Image credit: Jo Furtado
A peat bog on the top of Lank Rigg, a fell on Kinniside Common, in the West of the Lake District. The bog, known as Poukes Moss, is in a relatively good condition: it is shown here in winter but you can see the hummocks of mosses and cotton grass that help to keep the ground wet and create the anaerobic conditions in which peat forms.

Image credit: Jo Furtado
A farmer demonstrating sheep gathering as part of a hill farming training course run for the National Trust in Borrowdale. The farmer used sheep dogs to collect this group of Herdwick sheep down from the fell and into a sorting pen, where they were sorted into whether they belonged to his farm or to neighbours’ farm.
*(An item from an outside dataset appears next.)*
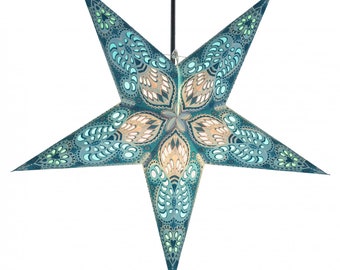 Étoile de l'Avent pliable en papier lumineux, poinsettia 60 cm - Menor turquoise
They tell this by the ‘smit’ marks on the sheep (see the blue and red marks on the sheep in the picture), with each farm having their own unique smit mark. Sheep are returned to their own farms at a shepherds meet once the whole fell has been gathered.

Image credit: Jo Furtado
This shows a fence on Kinniside Common, one side of which is common land grazed for centuries by sheep and cows, and the other side of which is old forestry land from which trees were felled about a decade ago. Where the soil was disturbed when the trees were felled and then the land left to regenerate without grazing, you can see lots of dwarf shrubs like heather, bilberry etc., whereas the grazed side is mainly grassland. This shows how land in the same environmental conditions can look very different depending on management and helps with imagining how a fell ‘could be’.